*** Opening Dataset excerpt ***
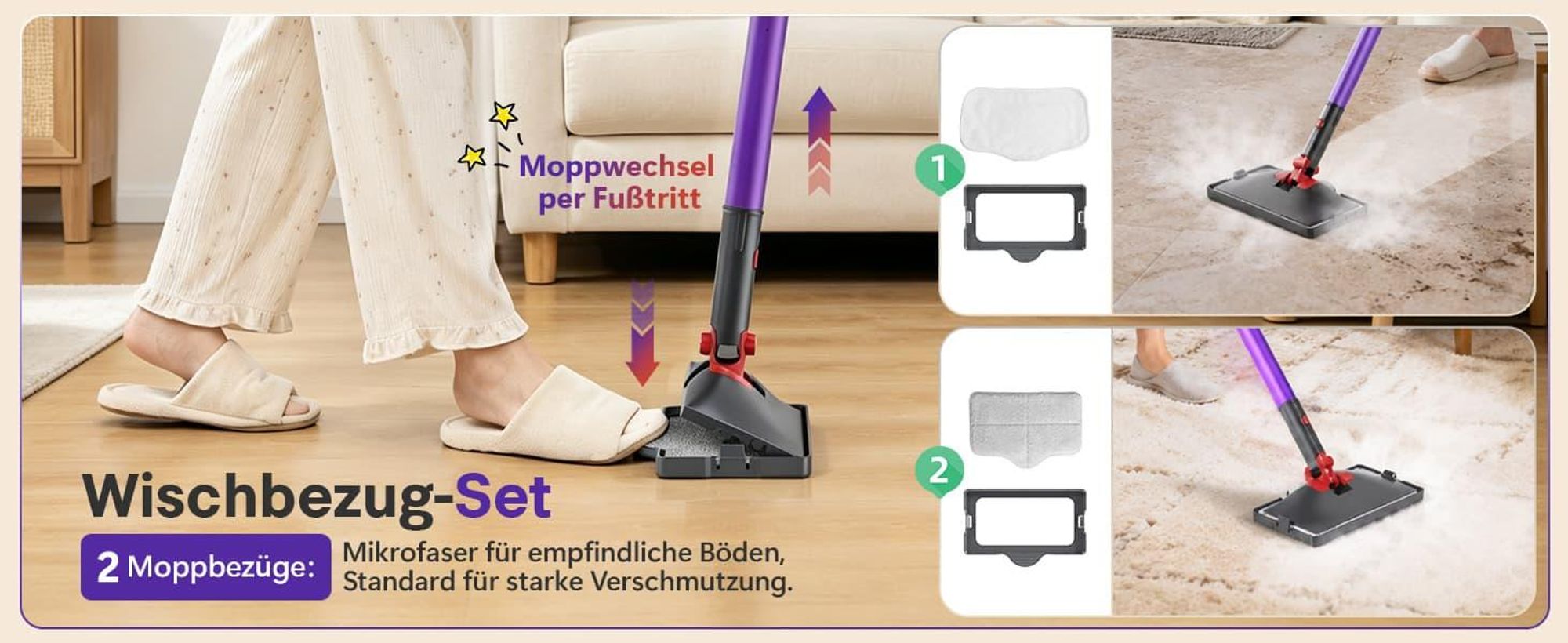 Dampfreiniger, 1500W handdampfreiniger & Dampfbesen, 15s Aufheizzeit, 4bar Dampfreiniger & Dampfdruck, Drehkopf, für Boden, Sofa, Küche, Bad & Fenster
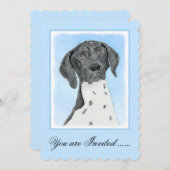 Invitation Peinture pointeur germanique - Art original (Devant / Derrière)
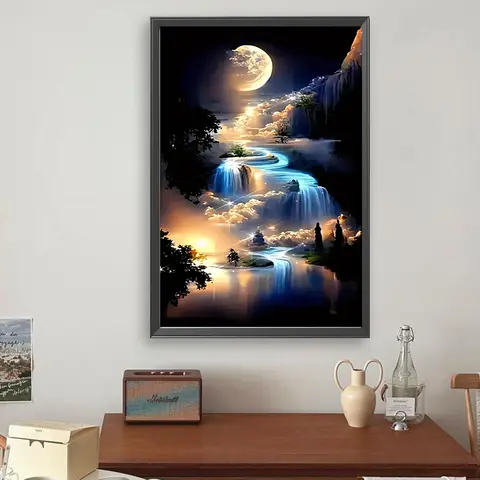 Paint By Numbers Kit On Canvas DIY Oil Art Moon Picture Home Wall Decor40x60cm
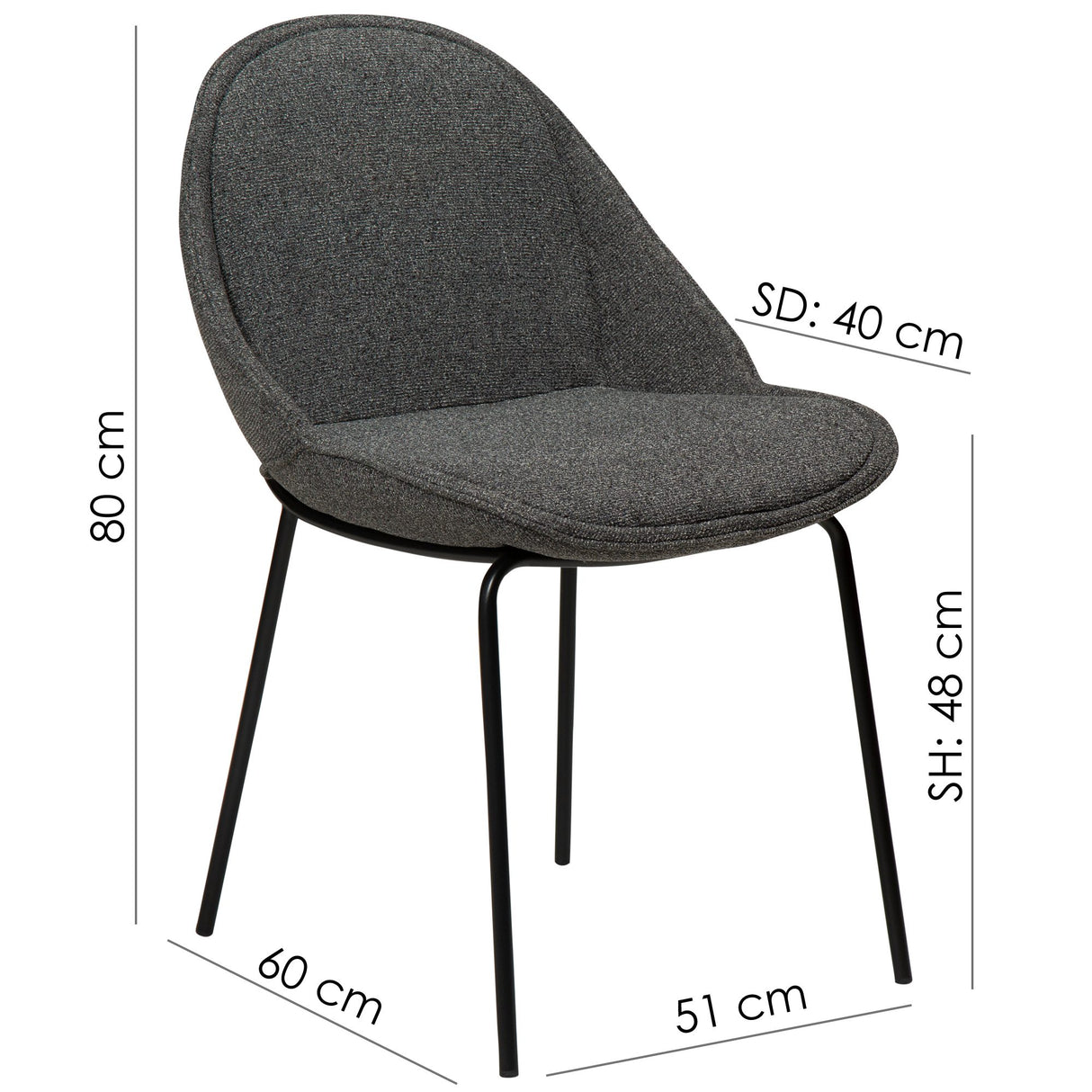 Arch Stol Pebble Grey, Black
*** Closing Dataset excerpt ***
> _Exercise goal_
Where a picture appears in the material above, skip it, and print the rest exactly.

> _Result of this task_
 Dampfreiniger, 1500W handdampfreiniger & Dampfbesen, 15s Aufheizzeit, 4bar Dampfreiniger & Dampfdruck, Drehkopf, für Boden, Sofa, Küche, Bad & Fenster
 Invitation Peinture pointeur germanique - Art original (Devant / Derrière)
 Paint By Numbers Kit On Canvas DIY Oil Art Moon Picture Home Wall Decor40x60cm
 Arch Stol Pebble Grey, Black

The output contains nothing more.